Bursting withfresh vegetables this Middle Eastern salad is served with pieces of crisp pita bread. This recipe from Mirdif City Centre in Dubai is easy to prepare, light on the stomach, and yet filling enough.
For the dressing:
- 300ml olive oil
- 2 lemons, juice and zest only
- 1 garlic clove, crushed
- 4 tbsp sumac
- Salt and freshly ground black pepper
For the salad:
- 1 pita bread, torn into small pieces
- 8 plum tomatoes, seeds removed, quartered
- 1/2 cucumber, peeled, cut into 5cm batons
- 1/2 green pepper, cut into strips
- 8 radishes, sliced
- 1 shallot, sliced
- Small handful rocket leaves
- Small Little gem lettuce
- Handful fresh mint leaves
- For the dressing, place the olive oil, lemon juice and zest, crushed garlic and sumac into a bowl and whisk together to combine.
- Season to taste with salt and freshly ground black pepper.

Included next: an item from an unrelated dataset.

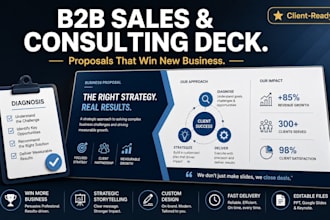 design a b2b sales deck or consulting proposal presentation investor pitch deck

- For the salad, place the torn pita, tomatoes, cucumber, pepper, radishes, shallot, rocket leaves, Little Gem lettuce leaves and mint leaves into a large bowl and season, to taste, with salt and freshly ground black pepper.
- To serve, pour the dressing, to taste, over the salad and gently mix together to coat the salad evenly.
PS: You will not need all the dressing for this recipe, so set the remainder aside in the fridge for up to a week.